The Gamakatsu hook I’m talking about features a specially designed monofilament weedguard. One of the major problems with older wire weedguards is that sometimes, depending on how they’re positioned in the mouth of a fish, they won’t deflect enough to get a solid hook up. Gamakatsu has eliminated that problem. Because of its design and the monofilament it’s made from, this new weedguard deflects easily to facilitate easy hook penetration.

“Our monofilament weedguard holds it shape really well,” says Glenn Young, Gamakatsu’s regional sales manager and himself a former professional Oregon fishing guide. “The field tests we’ve done with it in both Japan and here in the United States show it is a lot better for soft biting fish.”

As Young points out, though the Weedless Finesse Wide Gap is brand new, bass anglers are already finding there’s more than one way to make use of it. “We’re hearing that fishermen are finding it also works very well for drop shotting when heavy cover is involved.”

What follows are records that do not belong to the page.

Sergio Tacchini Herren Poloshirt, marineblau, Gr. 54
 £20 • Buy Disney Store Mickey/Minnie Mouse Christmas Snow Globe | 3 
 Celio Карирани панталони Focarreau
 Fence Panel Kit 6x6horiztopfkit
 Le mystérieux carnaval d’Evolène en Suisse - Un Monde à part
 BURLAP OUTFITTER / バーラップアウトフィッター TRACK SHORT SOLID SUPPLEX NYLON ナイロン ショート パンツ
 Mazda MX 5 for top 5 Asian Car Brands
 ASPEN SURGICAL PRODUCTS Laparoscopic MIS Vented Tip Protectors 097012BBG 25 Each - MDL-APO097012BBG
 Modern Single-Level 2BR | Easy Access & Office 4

My guess is bass anglers will find a whole lot of other uses for this new style weedless hook. I've got a couple of uses in mind for it myself. The new Gamakatsu weedless hooks are available in sizes 4 through 2/0. The most popular sizes so far have been sizes 1 and 1/0.
As countless bass fishermen already are aware, sometimes wacky style is the way to go. If you’ve not tried it, you should. And now the new Gamakatsu Finesse Wide Gap Weedless Hook makes it easier to do regardless of where the fish you’re after choose to hide out.